--- Exercise prompt ---
Pictures in the data must not be copied, but everything else should be output exactly.

§

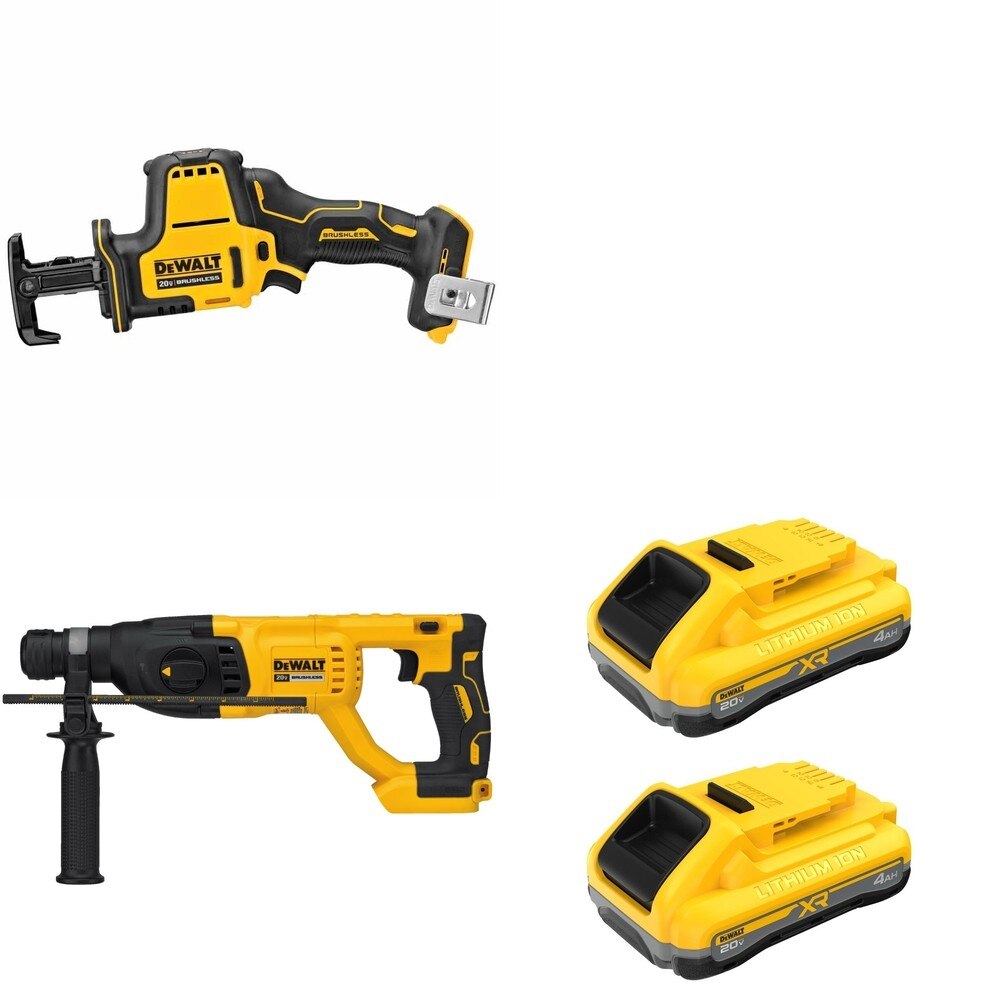 DeWalt DCB2104-2 POWERPACK 4Ah 2-Pack W/ DCH133B D-Handle Rotary Hammer and DCS369B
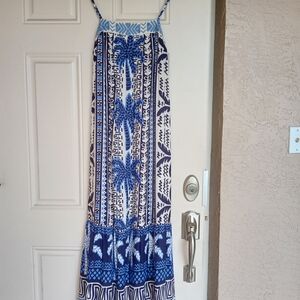 Elegant Blue and White Maxi Dress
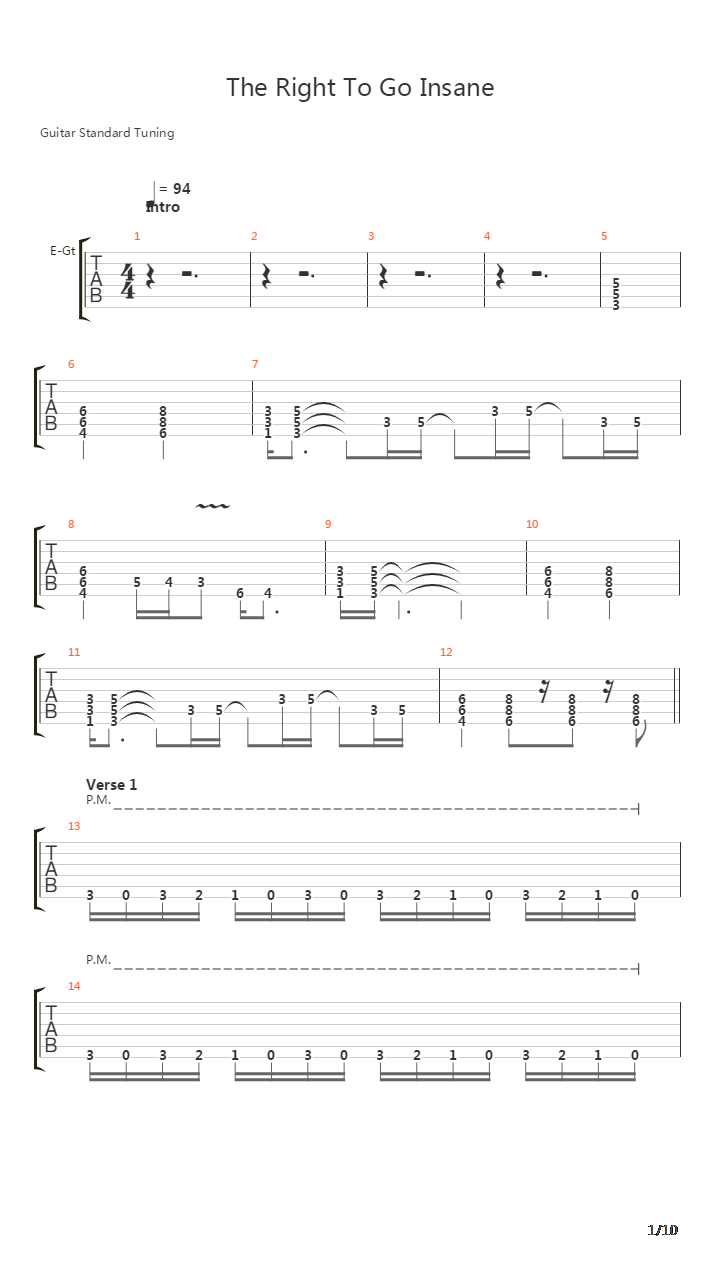 The Right To Go Insane吉他谱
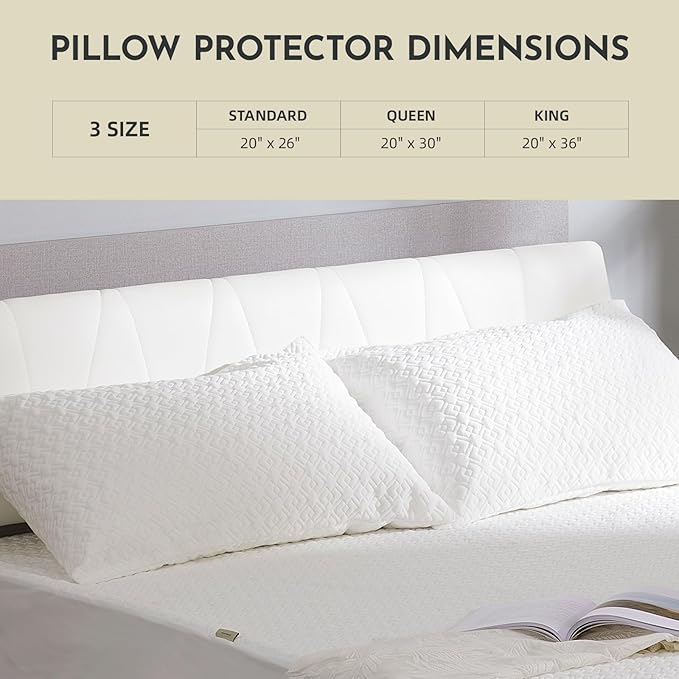 CoolShields Pillow Protector (4 Pack) Standard – Waterproof Zippered Pillow Covers, Hypoallergenic, Premium Pillowcase Encasement for Better Sleep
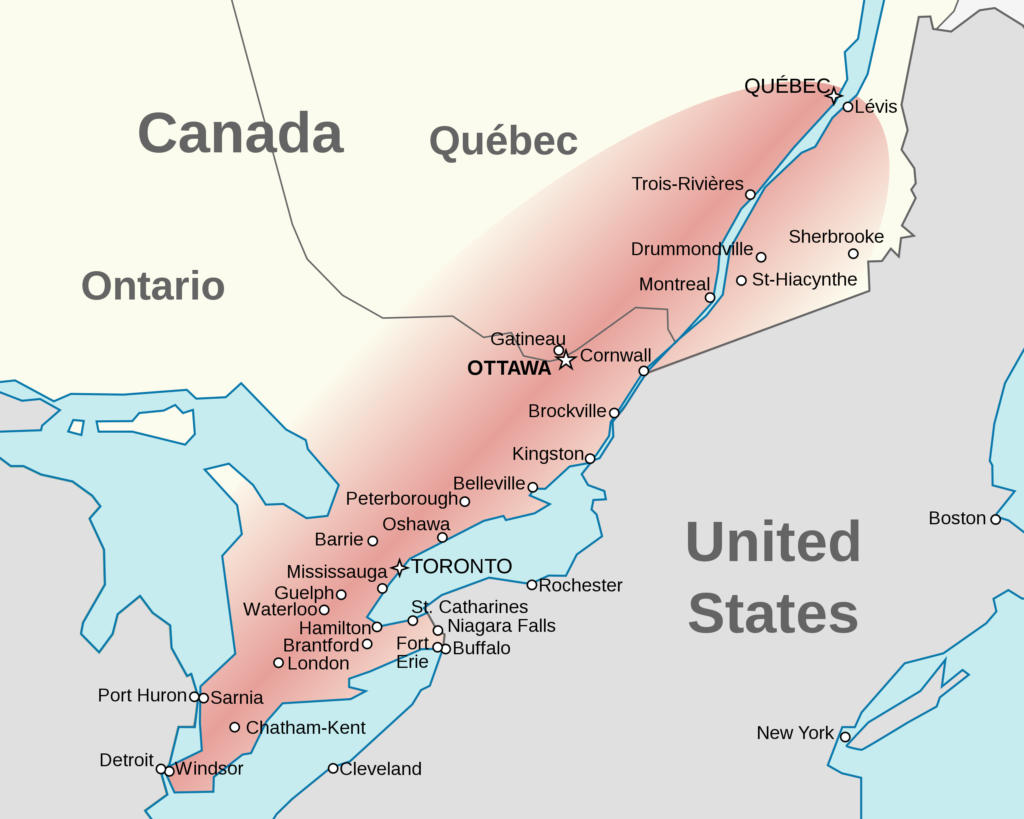 Carte du corridor Québec-Windsor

§

--- Written reply ---
 DeWalt DCB2104-2 POWERPACK 4Ah 2-Pack W/ DCH133B D-Handle Rotary Hammer and DCS369B
 Elegant Blue and White Maxi Dress
 The Right To Go Insane吉他谱
 CoolShields Pillow Protector (4 Pack) Standard – Waterproof Zippered Pillow Covers, Hypoallergenic, Premium Pillowcase Encasement for Better Sleep
 Carte du corridor Québec-Windsor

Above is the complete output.